Source material -
════

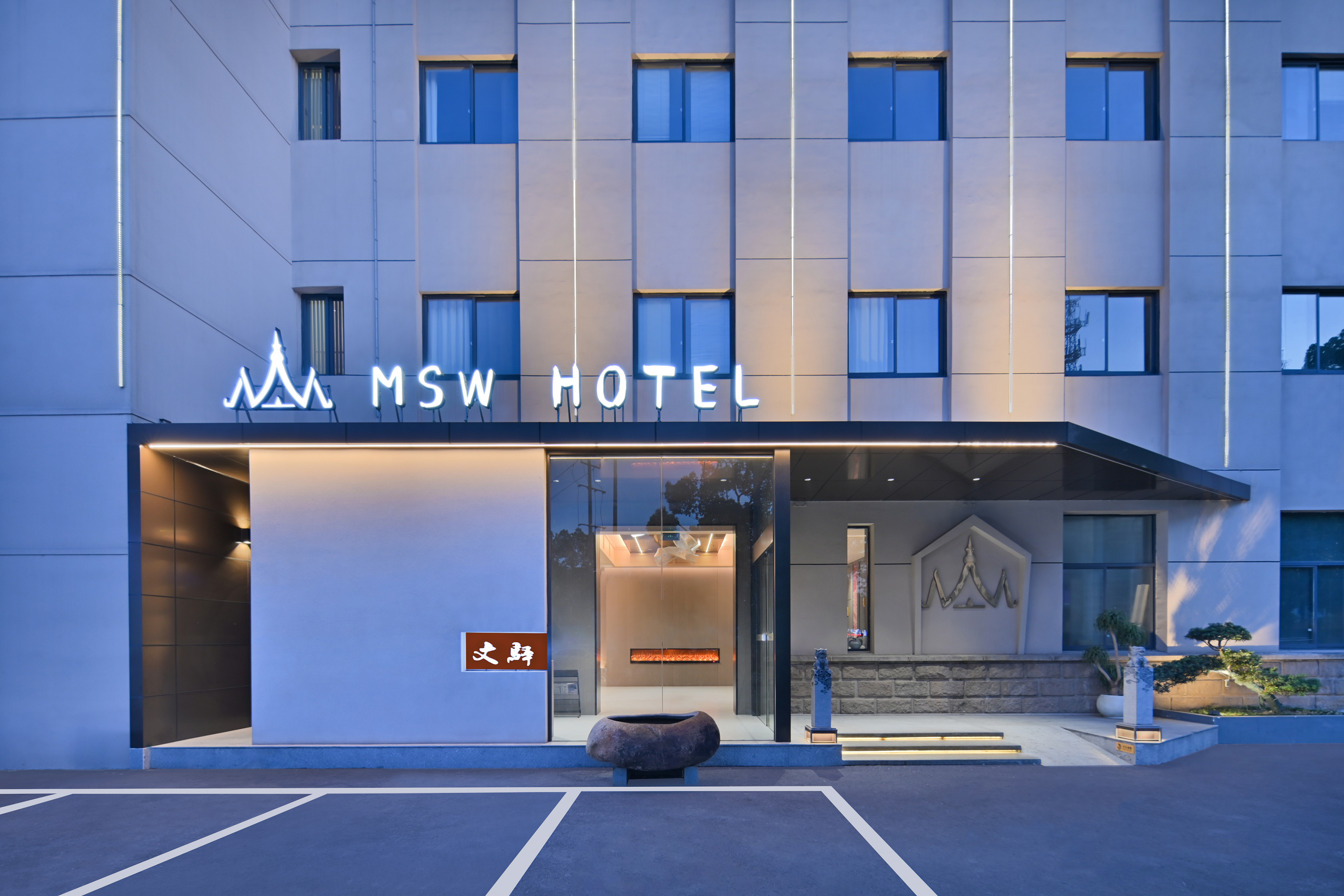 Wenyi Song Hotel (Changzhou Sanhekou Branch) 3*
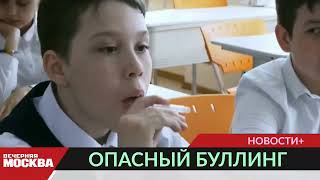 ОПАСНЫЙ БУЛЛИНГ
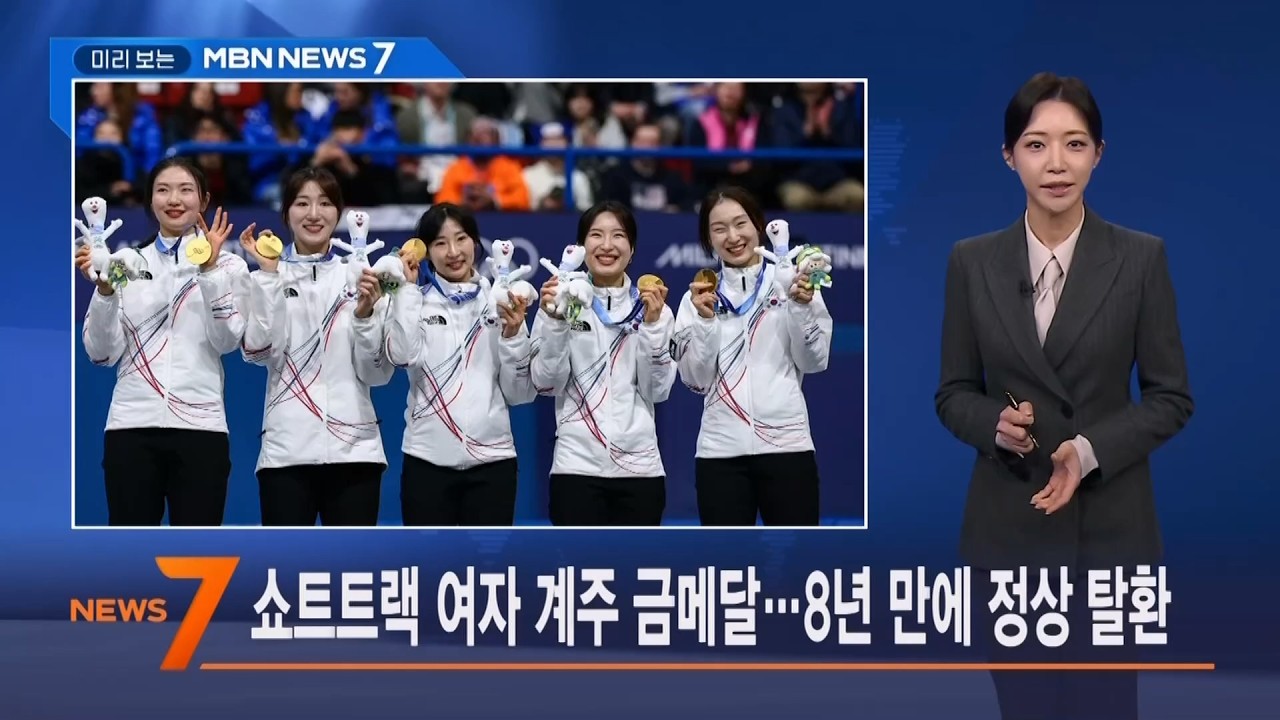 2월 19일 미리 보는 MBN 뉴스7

════

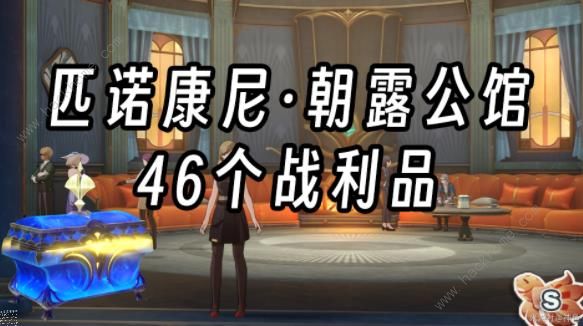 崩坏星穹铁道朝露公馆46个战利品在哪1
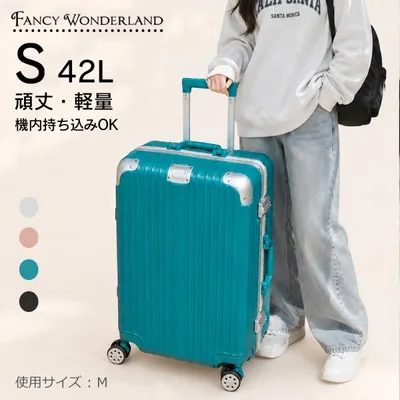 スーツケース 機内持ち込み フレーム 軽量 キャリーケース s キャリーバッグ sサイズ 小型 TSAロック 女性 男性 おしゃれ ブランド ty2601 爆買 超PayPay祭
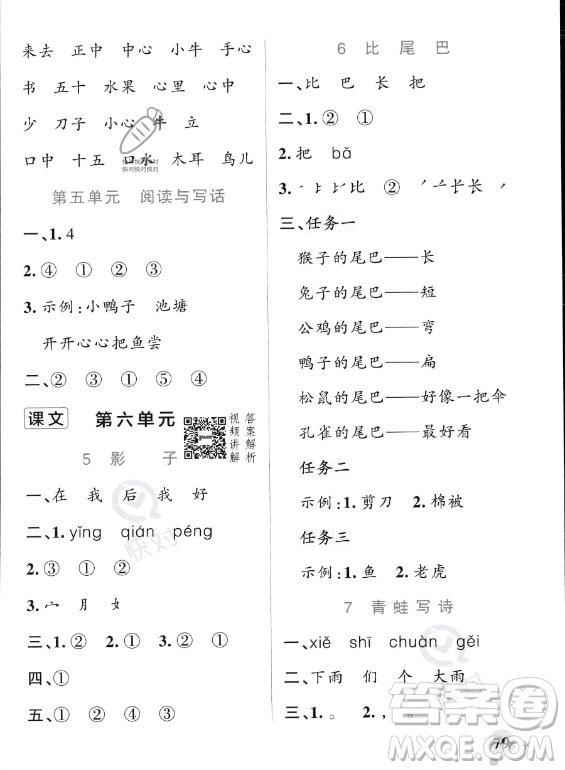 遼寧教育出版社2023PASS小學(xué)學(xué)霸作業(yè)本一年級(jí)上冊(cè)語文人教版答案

════

Exercise brief -
Beginning with the line above that contains "Wenyi Song Hotel" and ending with the line that contains "2월 19일 미리 보는 MBN 뉴스7", quote each line exactly, keeping out the pictures.

Answer -
 Wenyi Song Hotel (Changzhou Sanhekou Branch) 3*
 ОПАСНЫЙ БУЛЛИНГ
 2월 19일 미리 보는 MBN 뉴스7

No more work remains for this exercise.